[Math] How to break XOR cipher with repeating key

cryptography

I need to crack a stream cipher with a repeating key.

The length of the key is definitely 16. Each key can be any of the characters numbered 32-126 in ASCII.

The algorithm goes like this:

Let's say you have a plain text:

"Welcome to Q&A for people studying math at any level and professionals in related fields."

Let's say that the password is:

"0123456789abcdef"

Then, to encrypt the plaintext, just XOR them together. If the key isn't long enough, just repeat it. e.g.,

Welcome to Q&A for people studying math at any level and professionals in related fields.

                                 XOR

0123456789abcdef0123456789abcdef0123456789abcdef0123456789abcdef0123456789ab

I have 2 English messages encrypted with the above algorithm and with the same key.
I know about the communicative property of xor and that it can be exploited for the example above.
I've read that this is a pretty weak cipher and it has been cracked. However, I have no idea how to do it. So, where can I find a cryptanalysis tool to do it for me?

Best Answer

Take the two encrypted messages and XOR them with each other. You'll get the XOR of the two original, unencrypted messages since the identical keys cancel out. Deciphering this just requires patience and a good understanding of the encoding (what exactly is being XORed - the ASCII values of the letters? Some other binary encoding?

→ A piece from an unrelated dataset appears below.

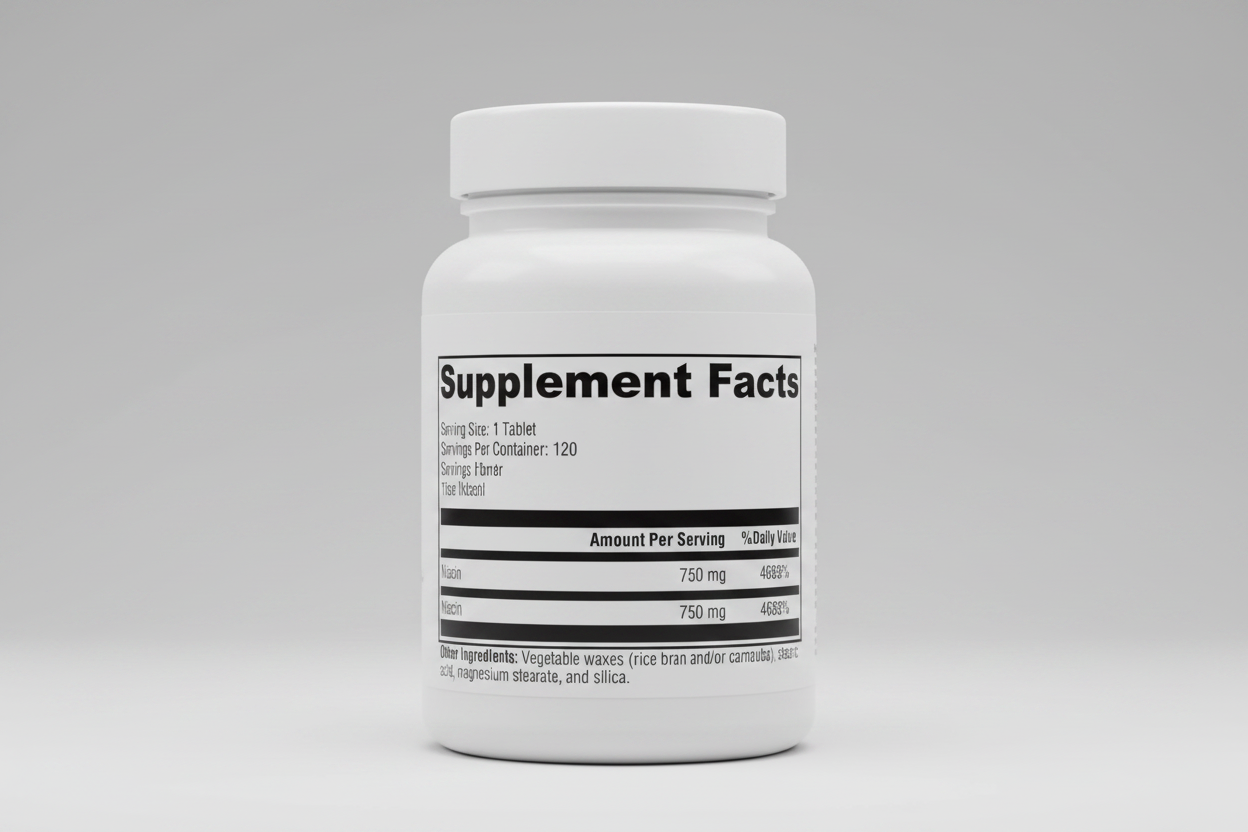 Supplement facts label with niacin information on a black background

Are spaces retained?).

You can try some common words and letter combinations and look for places where XORing the word with the ciphertext yields an English-looking string (which would then be the corresponding word or letter combination at the other text). Also, the ciphertext will likely have numerous 0 values corresponding to places where both messages have the same letter. Such matches are more likely to be a pair of E's or a pair of Spaces than a pair of Q's or X's.

Having said all that, I don't know where you can find a tool to do it for you, and if you find one it'll be very sensitive to the particular encoding. It's much more fun to do this yourself.

EDIT: in the comments you're mentioning that it's indeed ASCII encoding. This makes the task much easier since many 8-bit sequences don't correspond to any legal ASCII character at all. Make a table of all the possible XORs of legal ASCII characters in your plain text and this will tell you, for each position in your text, what are the possible pairs of letters from the two messages.